■ What is required: Exclude the pictures, then restate exactly each line of the data below from the first through the line containing "Mens Striped Shirts".
[Start of section]
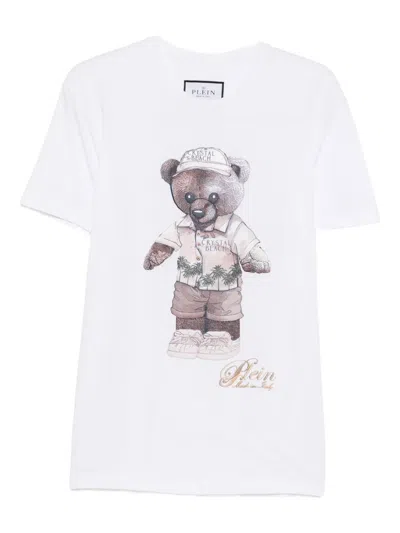 Philipp Plein Teddy-bear-print Cotton T-shirt In White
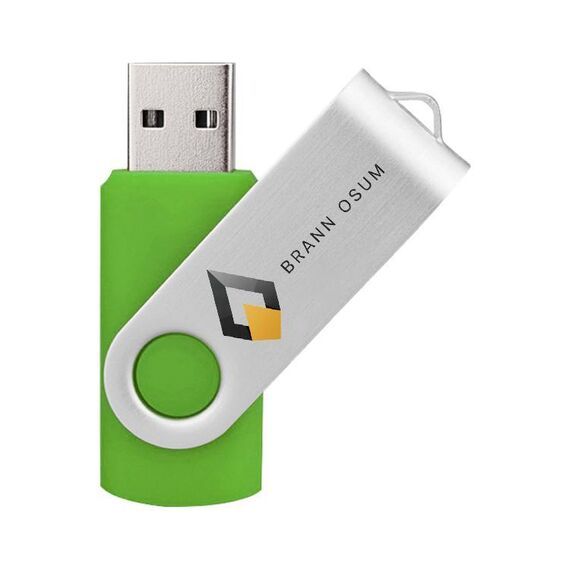 Unità flash USB 2.0 rotante in metallo colorato Stampa su richiesta, memoria: 8 GB (verde)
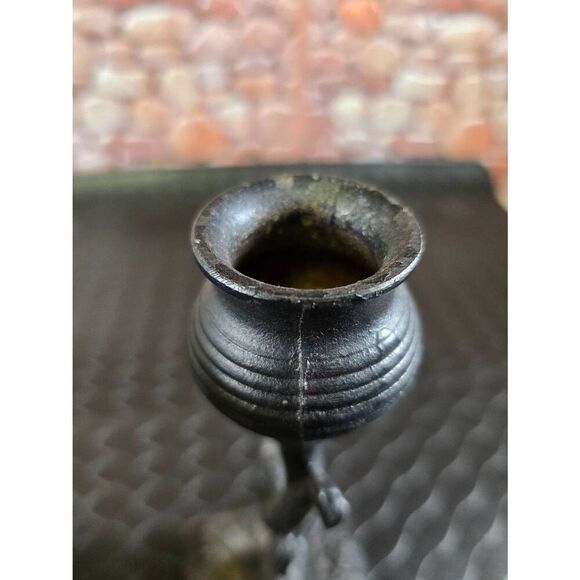 Two Ornate Squirrels on a Tree Black Cast Iron Candle Holder 8in Tall - Picture 7 of 12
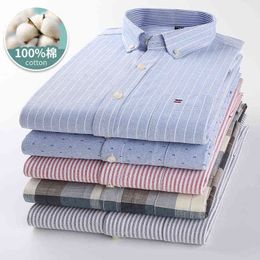 Mens Striped Shirts 100% Cotton Oxford Long Sleeve Plaid Solid Color Casual Shirts for Business Men Daily Use Camisas Hombre G0105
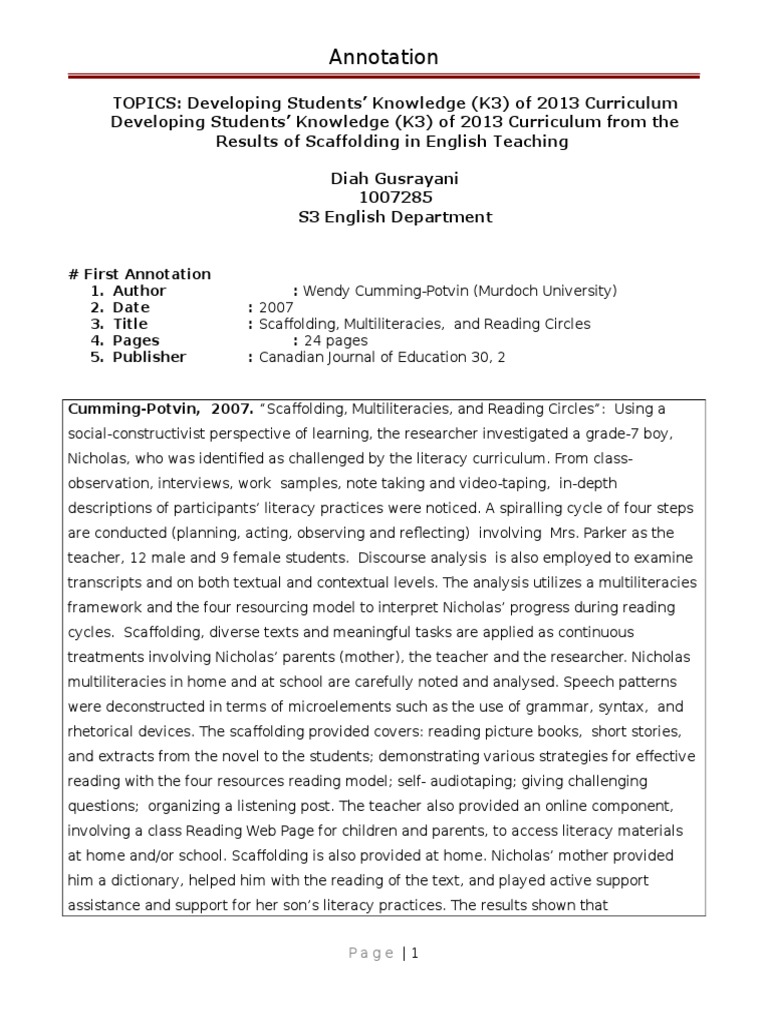Annotation Scaffolding Newest PDF Early Childhood Education Teachers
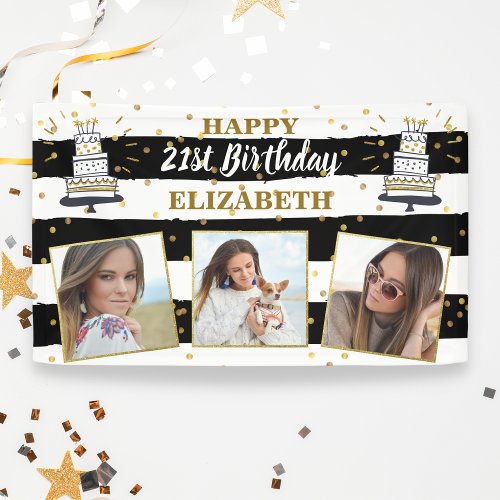 Happy Birthday Any Age Photo Collage Black Gold Banner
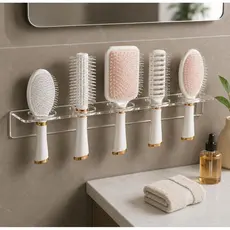 Organizador Acrílico Escova Cabelo Pente Quarto Guarda Roupa 5 Compartimentos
[End of section]
■ Answer:
 Philipp Plein Teddy-bear-print Cotton T-shirt In White
 Unità flash USB 2.0 rotante in metallo colorato Stampa su richiesta, memoria: 8 GB (verde)
 Two Ornate Squirrels on a Tree Black Cast Iron Candle Holder 8in Tall - Picture 7 of 12
 Mens Striped Shirts 100% Cotton Oxford Long Sleeve Plaid Solid Color Casual Shirts for Business Men Daily Use Camisas Hombre G0105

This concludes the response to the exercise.